■ Task instructions ■
In the data below, find the line containing "PAW Patrol™ Toddler", then set down that line and every later line up to and including the line containing "Shampoo für dünnes", exactly.

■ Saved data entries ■
▬▬▬
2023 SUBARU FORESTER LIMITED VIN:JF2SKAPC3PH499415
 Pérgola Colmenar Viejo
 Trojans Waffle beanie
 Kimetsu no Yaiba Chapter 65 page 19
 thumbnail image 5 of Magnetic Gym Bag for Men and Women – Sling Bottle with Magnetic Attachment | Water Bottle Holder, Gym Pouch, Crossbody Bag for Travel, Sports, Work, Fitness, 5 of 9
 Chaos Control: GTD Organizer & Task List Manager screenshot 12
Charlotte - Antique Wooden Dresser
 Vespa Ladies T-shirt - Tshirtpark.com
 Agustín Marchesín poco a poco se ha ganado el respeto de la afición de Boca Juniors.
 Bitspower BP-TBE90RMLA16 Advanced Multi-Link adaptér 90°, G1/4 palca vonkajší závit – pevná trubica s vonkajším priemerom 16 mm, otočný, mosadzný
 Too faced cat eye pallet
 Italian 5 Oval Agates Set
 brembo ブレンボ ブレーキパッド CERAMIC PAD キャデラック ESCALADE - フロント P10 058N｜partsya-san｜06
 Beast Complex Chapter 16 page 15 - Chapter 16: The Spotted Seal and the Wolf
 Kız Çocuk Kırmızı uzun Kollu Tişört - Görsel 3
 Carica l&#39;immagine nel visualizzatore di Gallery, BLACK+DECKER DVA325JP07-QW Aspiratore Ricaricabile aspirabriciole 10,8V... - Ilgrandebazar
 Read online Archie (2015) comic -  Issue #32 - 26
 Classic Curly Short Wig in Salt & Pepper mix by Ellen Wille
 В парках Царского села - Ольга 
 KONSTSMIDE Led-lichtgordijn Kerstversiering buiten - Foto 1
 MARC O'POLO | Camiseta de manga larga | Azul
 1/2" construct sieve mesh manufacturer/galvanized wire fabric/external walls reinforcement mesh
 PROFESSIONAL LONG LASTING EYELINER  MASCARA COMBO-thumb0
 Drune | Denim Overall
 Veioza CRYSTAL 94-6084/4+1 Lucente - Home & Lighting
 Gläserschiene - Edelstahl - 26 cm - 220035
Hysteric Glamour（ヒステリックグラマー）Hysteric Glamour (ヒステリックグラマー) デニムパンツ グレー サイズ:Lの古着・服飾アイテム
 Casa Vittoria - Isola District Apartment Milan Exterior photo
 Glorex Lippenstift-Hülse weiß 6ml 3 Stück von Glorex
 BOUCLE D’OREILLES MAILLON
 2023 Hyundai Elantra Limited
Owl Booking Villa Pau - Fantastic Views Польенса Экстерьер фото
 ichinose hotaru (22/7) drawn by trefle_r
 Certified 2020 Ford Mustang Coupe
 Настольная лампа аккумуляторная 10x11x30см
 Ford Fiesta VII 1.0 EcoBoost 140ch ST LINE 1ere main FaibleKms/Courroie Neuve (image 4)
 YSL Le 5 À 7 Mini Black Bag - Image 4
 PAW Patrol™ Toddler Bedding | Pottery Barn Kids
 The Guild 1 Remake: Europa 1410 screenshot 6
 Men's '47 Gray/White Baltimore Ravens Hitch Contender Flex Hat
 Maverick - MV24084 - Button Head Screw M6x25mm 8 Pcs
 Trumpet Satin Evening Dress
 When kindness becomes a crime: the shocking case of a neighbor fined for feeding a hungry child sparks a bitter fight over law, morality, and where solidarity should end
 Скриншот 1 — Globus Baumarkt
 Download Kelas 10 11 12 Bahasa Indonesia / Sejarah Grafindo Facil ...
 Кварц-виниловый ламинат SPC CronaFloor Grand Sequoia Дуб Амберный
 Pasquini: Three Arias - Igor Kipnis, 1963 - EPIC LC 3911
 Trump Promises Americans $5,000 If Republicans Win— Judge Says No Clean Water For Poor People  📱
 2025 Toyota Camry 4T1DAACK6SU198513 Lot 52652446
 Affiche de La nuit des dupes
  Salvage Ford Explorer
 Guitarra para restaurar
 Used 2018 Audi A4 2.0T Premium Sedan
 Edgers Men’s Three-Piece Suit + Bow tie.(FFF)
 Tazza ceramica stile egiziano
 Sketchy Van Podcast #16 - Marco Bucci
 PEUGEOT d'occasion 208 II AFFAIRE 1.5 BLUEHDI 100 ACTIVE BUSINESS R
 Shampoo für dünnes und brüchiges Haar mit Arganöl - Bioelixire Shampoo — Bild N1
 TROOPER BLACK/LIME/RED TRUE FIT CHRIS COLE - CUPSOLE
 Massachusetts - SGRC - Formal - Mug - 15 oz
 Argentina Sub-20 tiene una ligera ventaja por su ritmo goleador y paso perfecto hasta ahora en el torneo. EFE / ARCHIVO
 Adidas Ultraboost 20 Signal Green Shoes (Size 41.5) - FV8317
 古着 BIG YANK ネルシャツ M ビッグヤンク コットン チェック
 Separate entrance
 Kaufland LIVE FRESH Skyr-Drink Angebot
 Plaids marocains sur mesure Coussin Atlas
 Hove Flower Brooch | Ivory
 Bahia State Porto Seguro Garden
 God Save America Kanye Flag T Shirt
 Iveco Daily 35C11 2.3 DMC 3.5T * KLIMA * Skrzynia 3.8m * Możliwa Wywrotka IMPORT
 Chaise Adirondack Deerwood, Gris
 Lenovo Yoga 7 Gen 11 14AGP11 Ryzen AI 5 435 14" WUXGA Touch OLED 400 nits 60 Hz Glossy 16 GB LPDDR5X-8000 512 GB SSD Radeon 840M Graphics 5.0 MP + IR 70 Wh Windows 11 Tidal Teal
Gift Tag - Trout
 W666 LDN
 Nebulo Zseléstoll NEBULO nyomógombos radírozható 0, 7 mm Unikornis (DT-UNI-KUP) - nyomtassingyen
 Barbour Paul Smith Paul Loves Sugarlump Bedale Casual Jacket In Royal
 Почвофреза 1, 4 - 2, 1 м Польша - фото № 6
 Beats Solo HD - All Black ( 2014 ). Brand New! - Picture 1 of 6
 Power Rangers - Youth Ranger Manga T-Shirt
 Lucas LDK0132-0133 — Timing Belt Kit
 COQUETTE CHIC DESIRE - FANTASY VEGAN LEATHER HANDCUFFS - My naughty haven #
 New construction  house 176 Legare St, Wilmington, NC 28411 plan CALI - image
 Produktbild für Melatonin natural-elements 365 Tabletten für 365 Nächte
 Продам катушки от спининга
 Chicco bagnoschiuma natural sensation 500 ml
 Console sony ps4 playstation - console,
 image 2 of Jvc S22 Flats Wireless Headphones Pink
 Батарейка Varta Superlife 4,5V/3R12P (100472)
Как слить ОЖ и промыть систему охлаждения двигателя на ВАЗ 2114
▬▬▬
■ Response area ■
 PAW Patrol™ Toddler Bedding | Pottery Barn Kids
 The Guild 1 Remake: Europa 1410 screenshot 6
 Men's '47 Gray/White Baltimore Ravens Hitch Contender Flex Hat
 Maverick - MV24084 - Button Head Screw M6x25mm 8 Pcs
 Trumpet Satin Evening Dress
 When kindness becomes a crime: the shocking case of a neighbor fined for feeding a hungry child sparks a bitter fight over law, morality, and where solidarity should end
 Скриншот 1 — Globus Baumarkt
 Download Kelas 10 11 12 Bahasa Indonesia / Sejarah Grafindo Facil ...
 Кварц-виниловый ламинат SPC CronaFloor Grand Sequoia Дуб Амберный
 Pasquini: Three Arias - Igor Kipnis, 1963 - EPIC LC 3911
 Trump Promises Americans $5,000 If Republicans Win— Judge Says No Clean Water For Poor People  📱
 2025 Toyota Camry 4T1DAACK6SU198513 Lot 52652446
 Affiche de La nuit des dupes
  Salvage Ford Explorer
 Guitarra para restaurar
 Used 2018 Audi A4 2.0T Premium Sedan
 Edgers Men’s Three-Piece Suit + Bow tie.(FFF)
 Tazza ceramica stile egiziano
 Sketchy Van Podcast #16 - Marco Bucci
 PEUGEOT d'occasion 208 II AFFAIRE 1.5 BLUEHDI 100 ACTIVE BUSINESS R
 Shampoo für dünnes und brüchiges Haar mit Arganöl - Bioelixire Shampoo — Bild N1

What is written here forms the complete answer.